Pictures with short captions
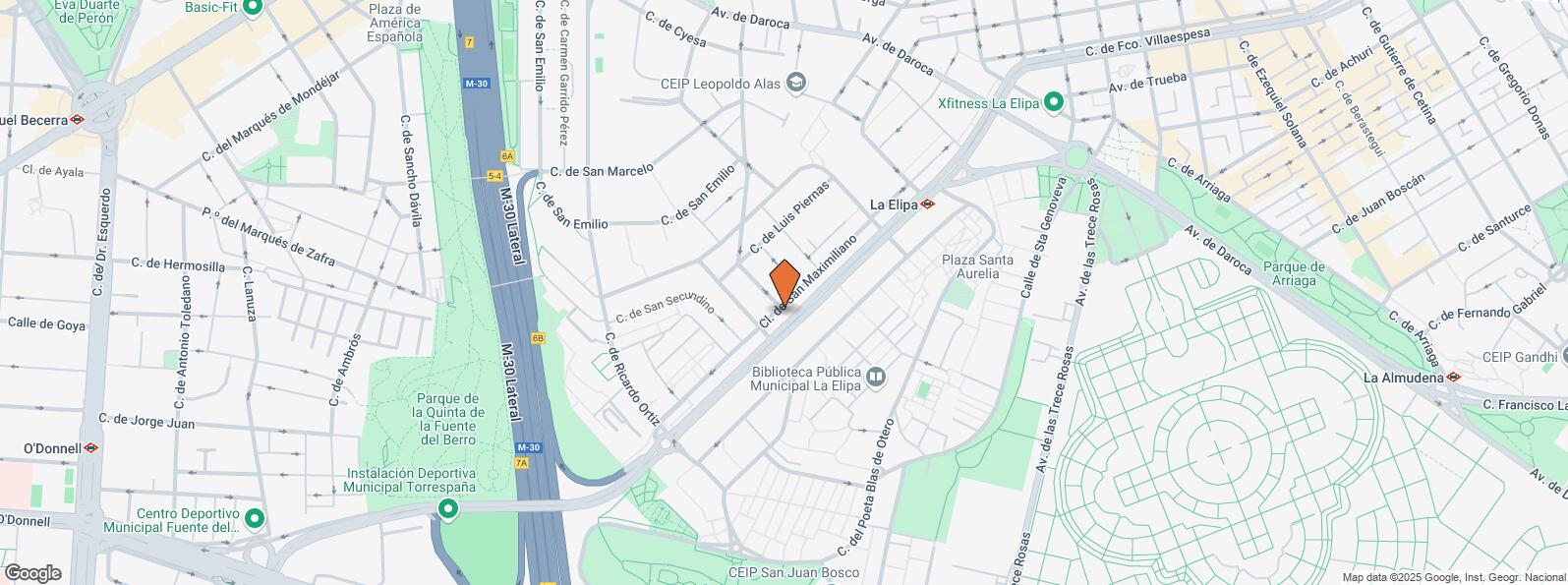 Location Map for Calle Maximiliano, Ciudad Lineal, Madrid, 28017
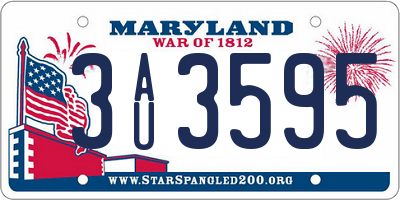 MD license plate 3AU3595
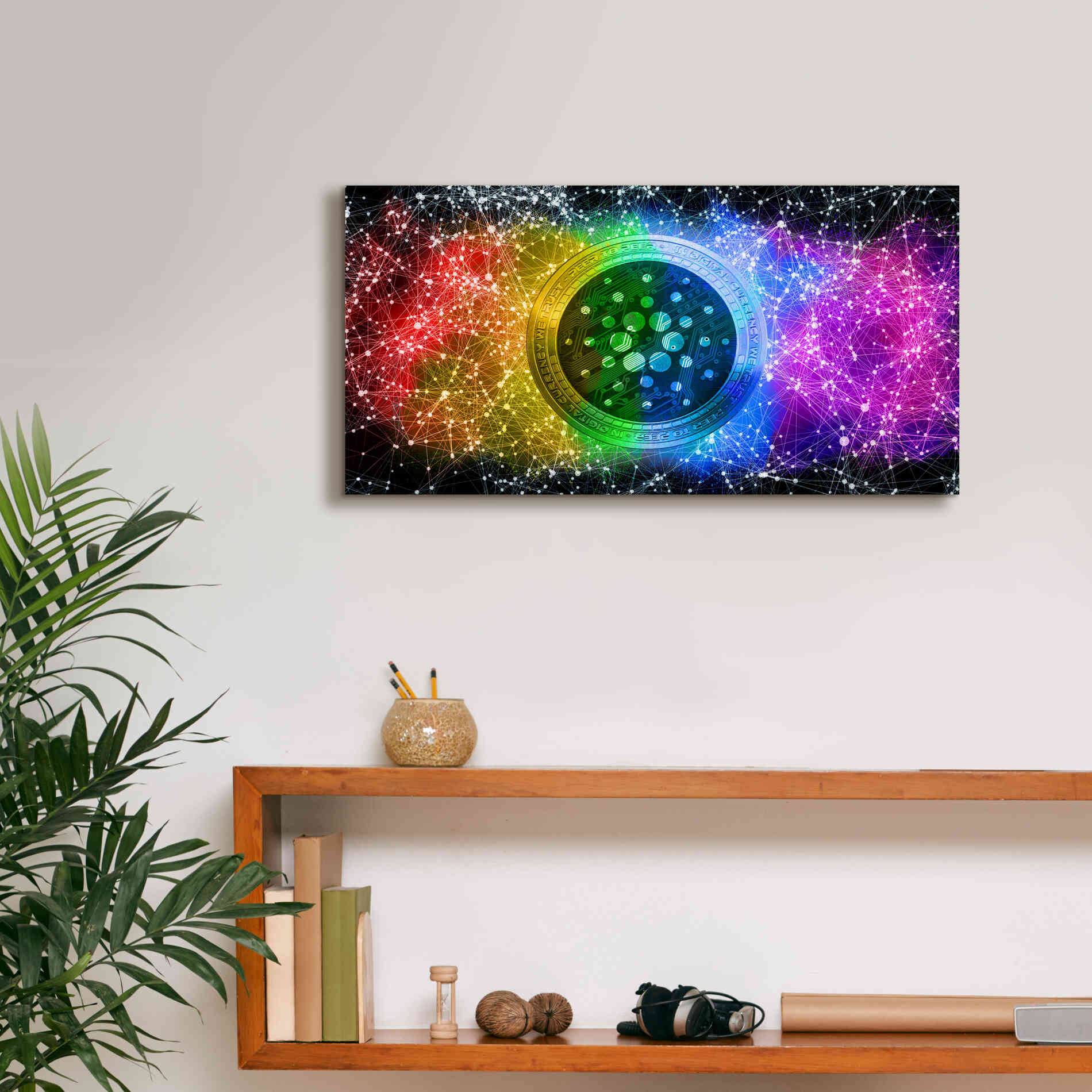 'Ada Cardano Crypto Constalation' by Epic Portfolio, Giclee Canvas Wall Art,24x12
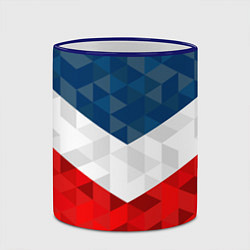 Кружка 3D Форма России, цвет: 3D-синий кант — фото 2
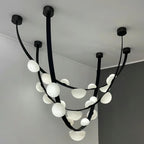 Renverlyn Alabaster Chandelier-Moonnatur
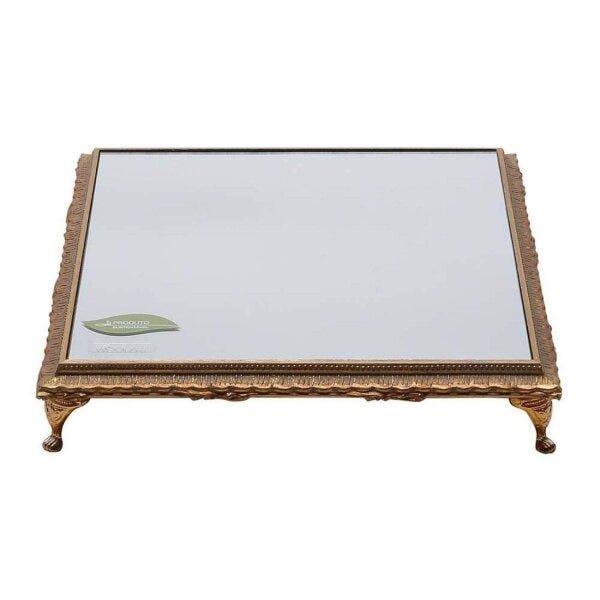 Suporte de Madeira para Vaso Provençal 25cmx25cmx5cm Rojemac - 1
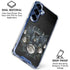 Crow and Moon Phases by Sarah Richter Galaxy S25 Plus Clear Case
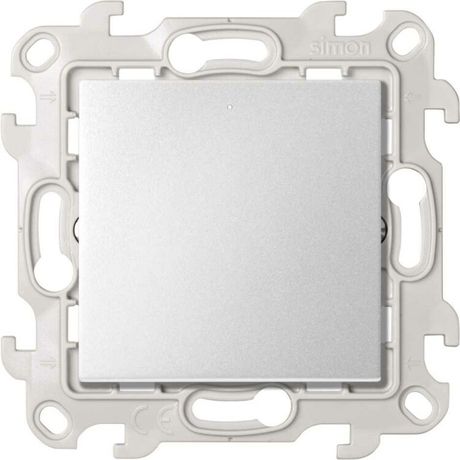 Переключатель (проходной) с подсветкой 10AX 250В цвета алюминий S24 Harmonie | 2450204-033 Simon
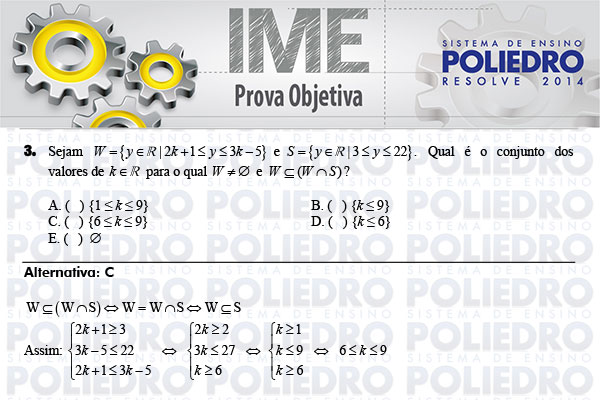 Questão 3 - Objetiva - IME 2014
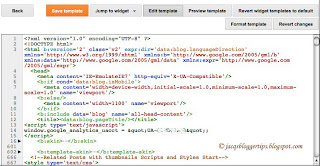 Screenshot to show the features of the new Template HTML Editor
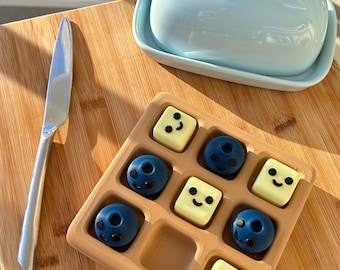 Waffle Tic-Tac-Toe Set: 3D Printed Breakfast Game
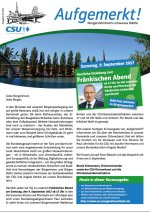 "Aufgemerkt!" - Kurzausgabe in Ihrem Briefkasten oder hier digital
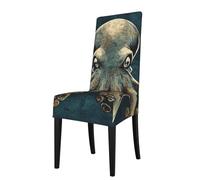 An Angry Giant Octopus Dining Chair Slipcover - Soft Stretch Protector Cover For Armless Chairs, Ideal For Home, Restaurant, Party And Daily Use
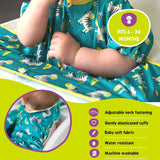 Tidy Tot Cover & Catch Bib Short Sleeve - Dancing Zebras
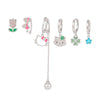 Wholesale Earrings Copper Inlaid Zircon Bow Star Geometric Animal Zodiac Style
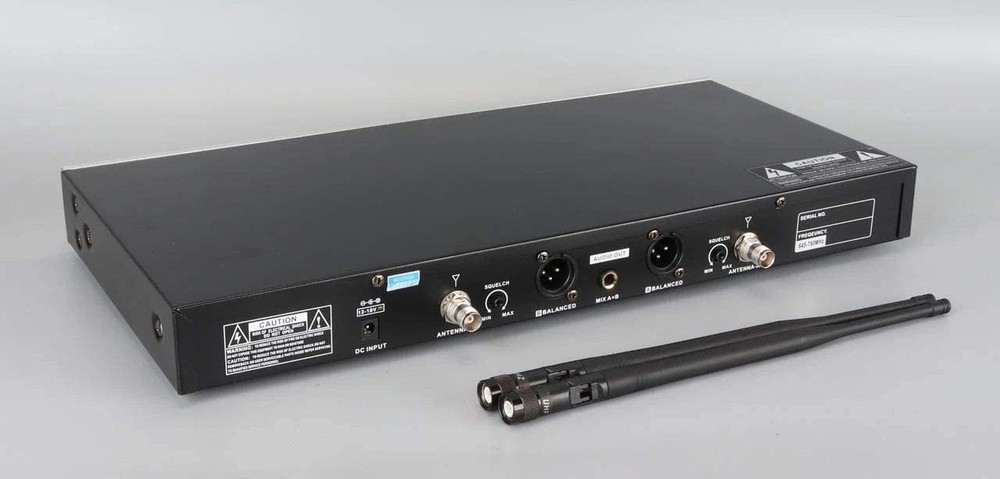 Pro Dual UHF Wireless Karaoke Microphone System w/ 300 Channels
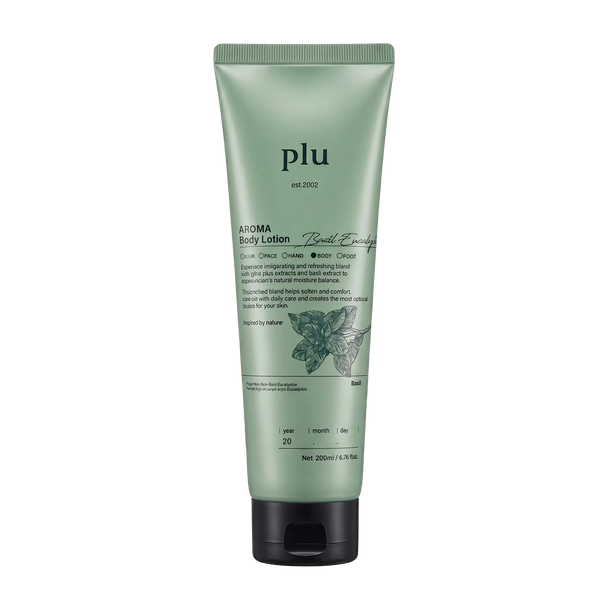Lotion Corporelle 200 ml - Hydratante & Rafraîchissante - Eucalyptus & Basilic - PLU PLU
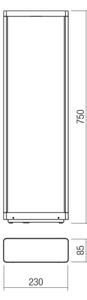 Redo 90582 - Lampă LED de exterior WAKE, 8W, 230V, 3000K, 75 cm, IP65, antracit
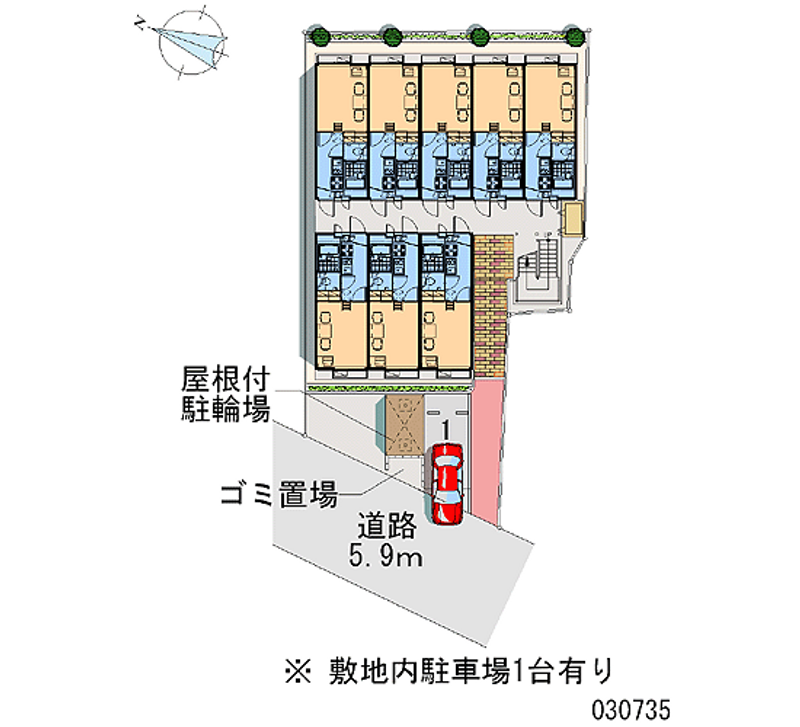 レオパレス神崎川 区画図
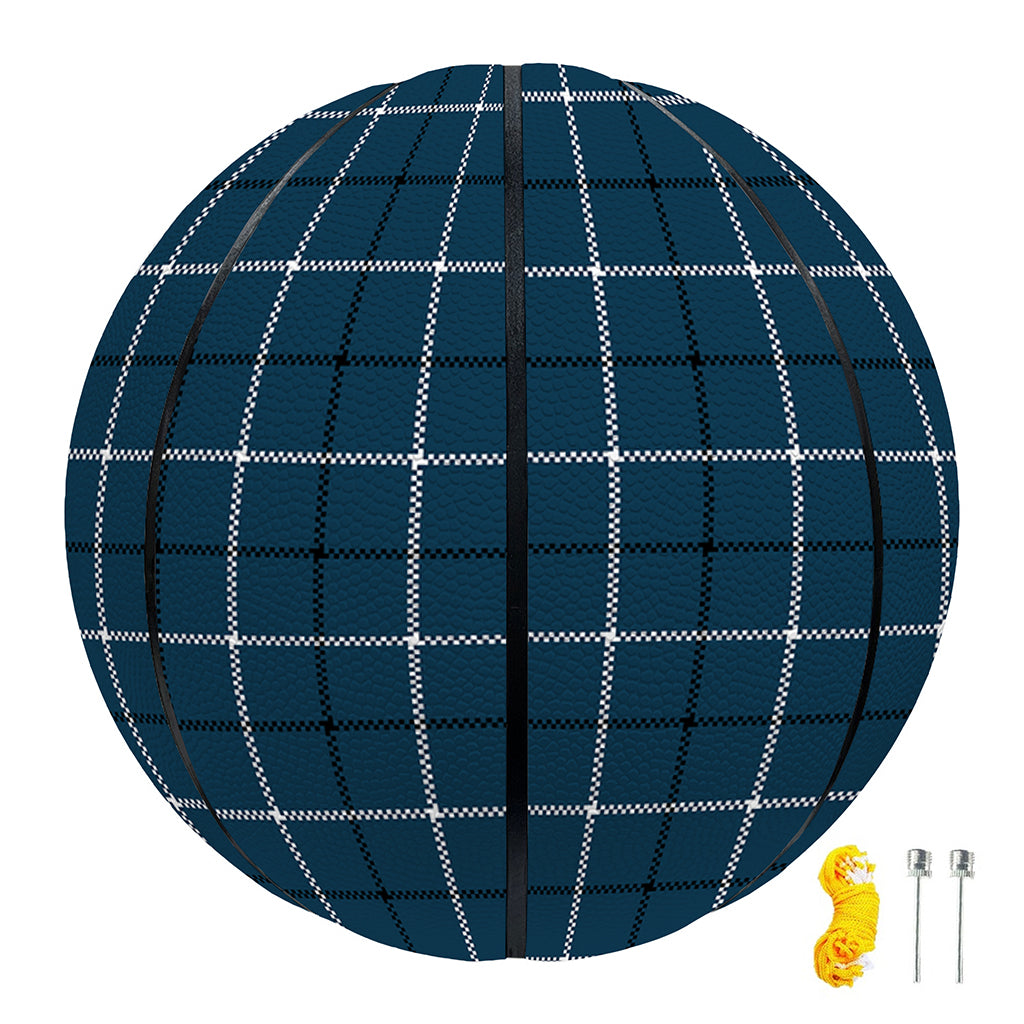Deep Blue Tattersall Pattern Print Basketball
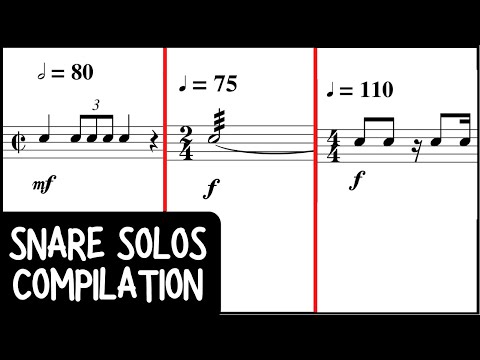 10 Fun Solo Pieces For Snare Drum! 🥁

- [WHAT YOU WILL DO]: Set the records down again exactly, with no pictures.

- [WRITTEN REPLY]:
 Location Map for Calle Maximiliano, Ciudad Lineal, Madrid, 28017
 MD license plate 3AU3595
 'Ada Cardano Crypto Constalation' by Epic Portfolio, Giclee Canvas Wall Art,24x12
 Кружка 3D Форма России, цвет: 3D-синий кант — фото 2
 Renverlyn Alabaster Chandelier-Moonnatur
 Suporte de Madeira para Vaso Provençal 25cmx25cmx5cm Rojemac - 1
 Crow and Moon Phases by Sarah Richter Galaxy S25 Plus Clear Case
 Переключатель (проходной) с подсветкой 10AX 250В цвета алюминий S24 Harmonie | 2450204-033 Simon
 Questão 3 - Objetiva - IME 2014
 Screenshot to show the features of the new Template HTML Editor
 Waffle Tic-Tac-Toe Set: 3D Printed Breakfast Game
 "Aufgemerkt!" - Kurzausgabe in Ihrem Briefkasten oder hier digital
 An Angry Giant Octopus Dining Chair Slipcover - Soft Stretch Protector Cover For Armless Chairs, Ideal For Home, Restaurant, Party And Daily Use
 Tidy Tot Cover & Catch Bib Short Sleeve - Dancing Zebras
 Wholesale Earrings Copper Inlaid Zircon Bow Star Geometric Animal Zodiac Style
 Pro Dual UHF Wireless Karaoke Microphone System w/ 300 Channels
Lotion Corporelle 200 ml - Hydratante & Rafraîchissante - Eucalyptus & Basilic - PLU PLU
 Redo 90582 - Lampă LED de exterior WAKE, 8W, 230V, 3000K, 75 cm, IP65, antracit
 レオパレス神崎川 区画図
Deep Blue Tattersall Pattern Print Basketball
 10 Fun Solo Pieces For Snare Drum! 🥁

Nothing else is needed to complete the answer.